I began by asking how many of the approximately 25 present had heard of peak oil. One sheepishly raised her hand to indicate she has a fuzzy conception of it. I then asked how many had read the book or heard of the concept Limits to Growth? No one had. I then asked about Thomas Kuhn’s The Structure of Scientific Revolutions, and one hand went up.

From there I knew my 30-minute presentation with an hour for questions and discussion probably would involve incommensurable communications with the students. I had prepared my talk with this in mind and gave them a reprise of how when I first heard of peak oil I thought it manageable because technology would save us. This rhetorical tactic to join with them appeared to have little impact –they were skeptical. I made a (possibly poor) decision on the spot to make my presentation as brief as possible –it lasted about 25 minutes- with the hope that I could bridge the “talking past one another” phenomenon during the give and take spontaneity of discussion.

I went on to briefly outline the two paradigms; and I argued that the growth paradigm 1) no longer could solve problems –such as massive unemployment- and 2) that it was now creating them –trying to revive the financial sector as if it is the source of real wealth creation. I connected this to public health and medicine by telling them that the growth paradigm was analogous to the Miasma Theory of disease (to my surprise none of them were familiar with this theory). I suggested that the limits paradigm, which is based in ecological science, would be as profound in its scientific and socio-cultural ramifications as had been the discovery of the microbe –the Germ Theory of Diseases- that revolutionized medicine and made modern public health possible. Despite their elite IQs, this observation seemed to fly over their heads.

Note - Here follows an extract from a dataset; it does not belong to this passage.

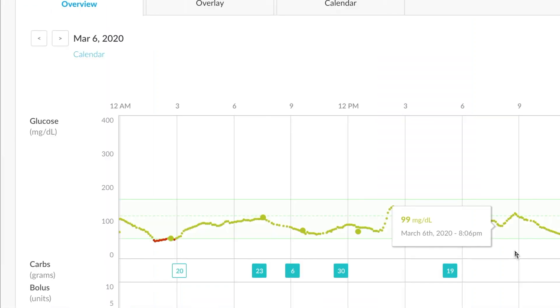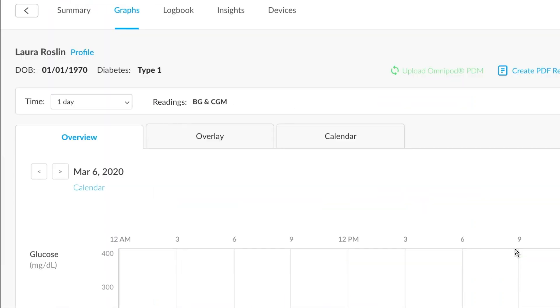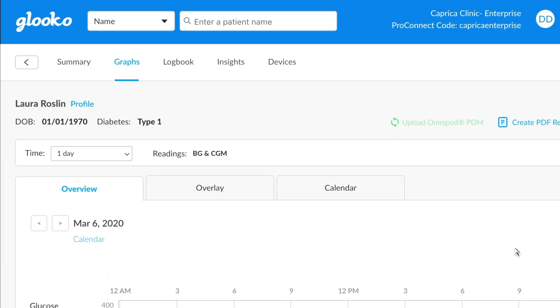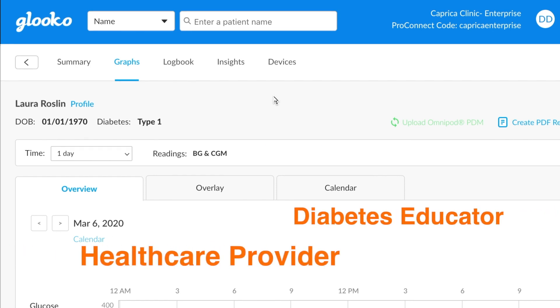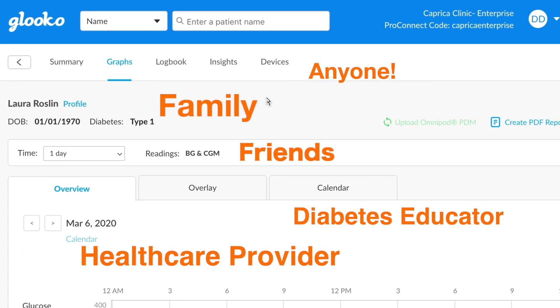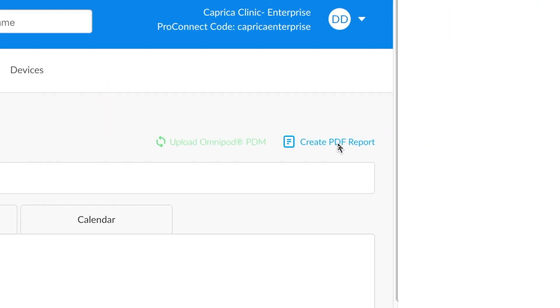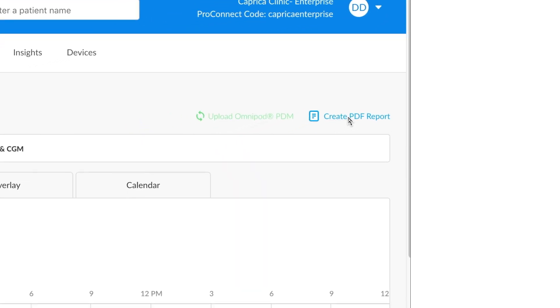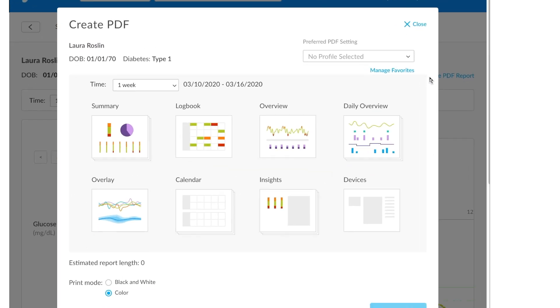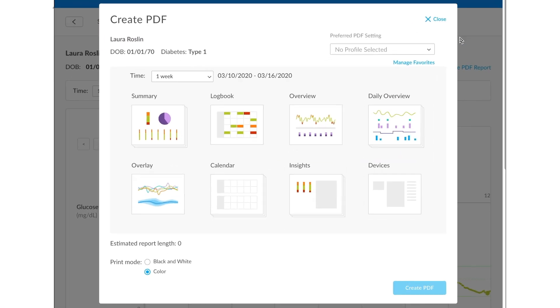Okay, now that we have all this great information all in one place, what do we do next with it? One of the really great features about GLUCO is it allows you to easily share data with really anyone. To create a report, you'll click on the Create PDF Report option here in the upper right hand corner. You'll see it displays a pop-up that allows you to make additional selections.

Then I offered summative comments on Mayor Bloomberg’s PLANYC from my perspective, the limits to growth paradigm. The plan for 2030 sustainability revolves around three assumptions:

  1. The city will add a million new residents by 2030.
  2. Aging and failing infrastructure will be repaired and maintained.
  3. Carbon emissions will be reduced by 30%.

I pointed out that I saw no way the city could support another million residents or adequately repair and maintain infrastructure. They were stunned and one student said, “You can’t tell people where they can live,” adding that he thought I was advocating legislation to bar people from moving to New York. I replied that my comments were based upon the fact that infrastructure was already in decline and overstressed and with energy decline now underway the city was more likely to begin to depopulate over the next 19 year than to grow. I offered the example of Detroit as a city forced to contract. This elicited a host of what is best described as “WTF?” looks of disbelief. New York City decline? Depopulate? Simply beyond the pale.

“You’re so pessimistic,” one student said. Another added, “There are alternative energy sources and electric cars that are coming along.” Yet another said, “Look, oil prices are high because of speculation –there’s really lots of oil left.” One student said, “I agree with 70% of what you’re saying, but you’ve offered no solutions. Things are not hopeless. We can develop alternative energy sources.”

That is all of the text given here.